I don’t have deep knowledge of this subject. I have none, as mentioned above. But there’s info that pops up when you Google around on it, and some of it seems indistinguishable from real research. If it’s from a non-hardcore-science link but seems to based on something that is more professional, or seems to be based on something that is based on something more professional, then it seems like it might have something to say. Have I been duped? How do you ever tell when “knowledge” is legit? Is it a req to have to recapitulate all stages of the development of an academic position in order to have a lovely chat about it in this lively forum?
There seem to be a lot of courses and opportunities about all manner of blather at literally lotsa universities all over the place. Many of them must be good and stuff. With smart people and things. So I looked at stuff coming from there. Versus the University of BB Comments, about which I have not been able to find any sort of institutional accreditation statement.
Oh yes, you got me. I can’t possibly know what all women feel, so clearly you need to explain to me how boobs work.
My point, really, is that women shouldn’t be subjected to gross and dehumanizing treatment. I honestly don’t understand why this is such a confusing point for you or anyone else.
Your point is fine and I am not confused. Do you think I think anyone should be subjected to dehumanizing treatment? Where did I say that? I didn’t, and I don’t. However, I only have one brain and can’t speak for the other several billion of them around the place.
What you seem to have been confused by is the little word “for”, as I pointed out above. In this context, you could take it to mean “why did x evolve” or “what is x for now”. You see where a simple lack of clarity resulted in misunderstanding? You feel good about that? With all your eye-rolling and Al Gore stage sighing? You seem to have just wanted an excuse to flail about indignantly. Job well done.
That’s just so… what’s the word I’m looking for… reductionist? The story is about an individual, and we are having a conversation among individuals.
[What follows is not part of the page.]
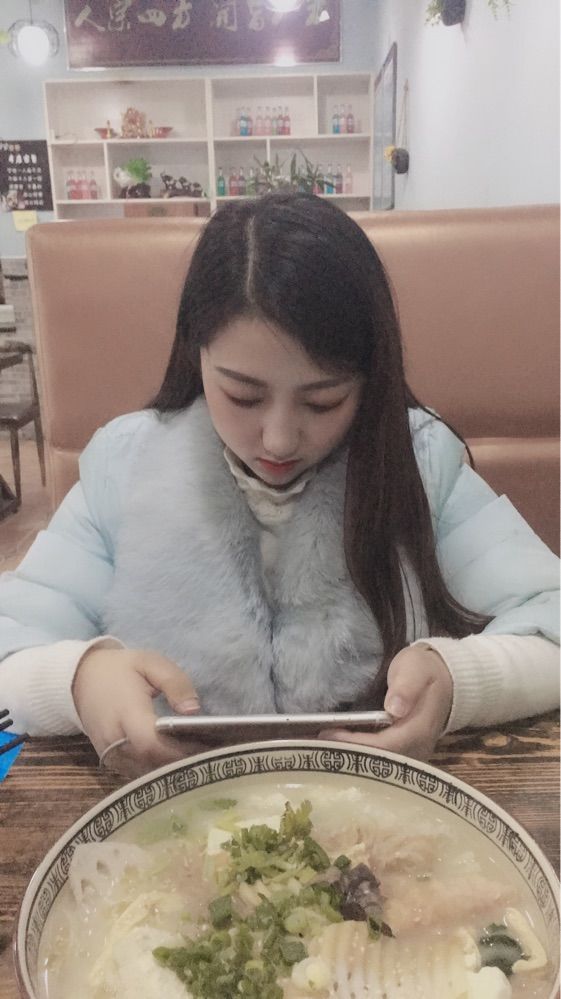如～果€的主播照片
Not all men or all women or all genderfluid.
It simply sounds like this is excusing bad behavior–that is consciously controllable–by the way of evolutionary psych. Not putting words in your mouth, that is how I interpret your arguments.
Why do you mash those two together though? There’s a reason or array of reasons things happened evolutionarily, and separately there’s how people deal with things nowadays. Separate. This “argument” is happening because some people mashed the two together and others didn’t. Why is it so hard to follow this logic? Why is “asking the question” the same as “excusing bad behaviour”? No one can ask a question?
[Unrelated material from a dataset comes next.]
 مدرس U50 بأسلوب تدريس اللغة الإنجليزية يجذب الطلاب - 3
Adding: Maybe some “EvoPsych douchebags” do, but I’m not one. I don’t know fucking thing one about it other than what came up in some searches yesterday. Results that appeared to be peer-reviewed scientific articles from reputable institutions. Try to educate yourself and ask a question about it, only to be jumped on and accused of dehumanizing people? Fuck that. No wonder people don’t engage here. Read the i09 comment thread I linked above, it’s a totally different environment.
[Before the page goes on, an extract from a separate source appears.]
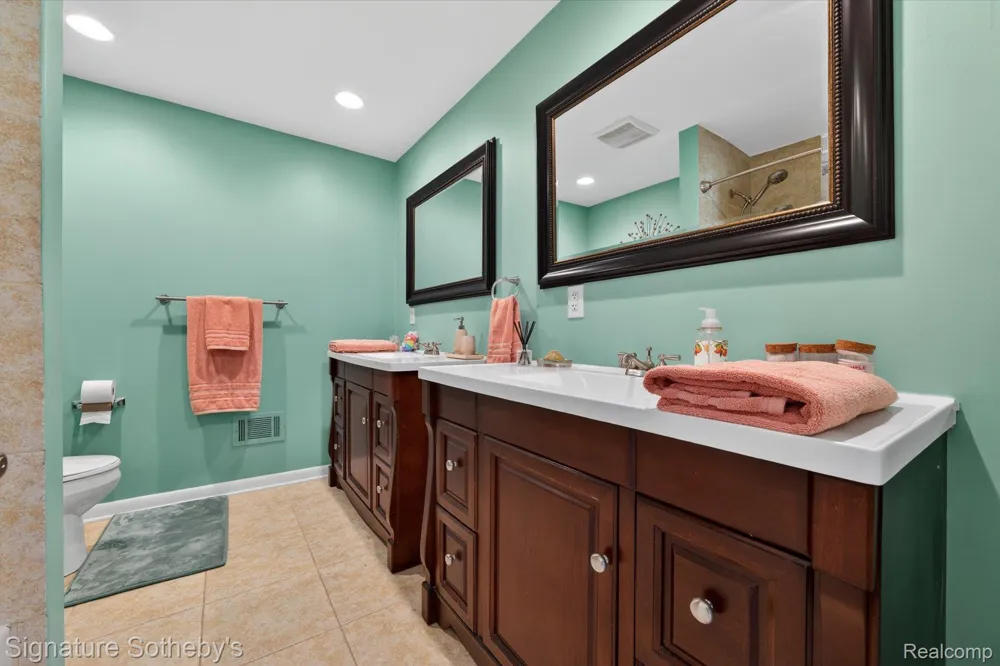 30650 Lahser Road Beverly Hills Village, MI 48025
It is perfectly fine to ask questions. But what I think (again, this is my opinion) you are missing is the context in which you asked the question. I am not going to set up strawmen, I am just gonna give it to you straight.
Bringing up tenuous evolutionary hypothesis in a conversation about the humiliation of a person based on their breasts won’t win you any friends.
Exactly—the evolutionary aspect of this is a different discussion, which (while it does interest me) has no bearing on the events in the article.
“Boobs aren’t here for your enjoyment” does not mean “Evolutionarily, breasts’ advantage was not that they provided a visible heuristic males used in selecting mates.”
Frankly, interpreting it that way seems disingenuous.
The gym was wrong for singling her out. It required a judgment call of an inappropriate nature, and she was very legitimately offended. They deserve to be called out for it, with legal implications if possible. Full stop.
But then that got extrapolated to “boobs are not here for your enjoyment”. Everyone’s? In every situation? Forever? Did that really make people feel better?
But making an absolute, sweeping pronouncement about what “boobs” are not here for is ingenuous? OK, strike enjoyment. Where does that leave us, for purposes of overall remaining breast functionality? Can you map it out a bit?